— THE DATA —
┏━━
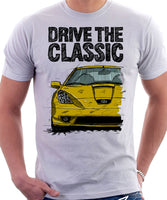 Drive The Classic Toyota Celica 7 Generation Prefacelift Model. T-shirt in White Colour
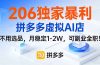 206独家暴利，拼多多虚拟AI店，不用选品，月稳定1-2W，可副业全职！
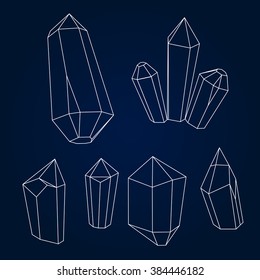 Set of  geometric crystals. Geometric shapes. Trendy hipster background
┗━━
— WHAT IS EXPECTED —
Return nothing except the lines from the one containing "206独家暴利，拼多多虚拟AI店，不用选品，月稳定1-2W，可副业全职！" through the final line of the data, copied exactly. Leave out all pictures.

— RESULT BELOW —
 206独家暴利，拼多多虚拟AI店，不用选品，月稳定1-2W，可副业全职！
 Set of  geometric crystals. Geometric shapes. Trendy hipster background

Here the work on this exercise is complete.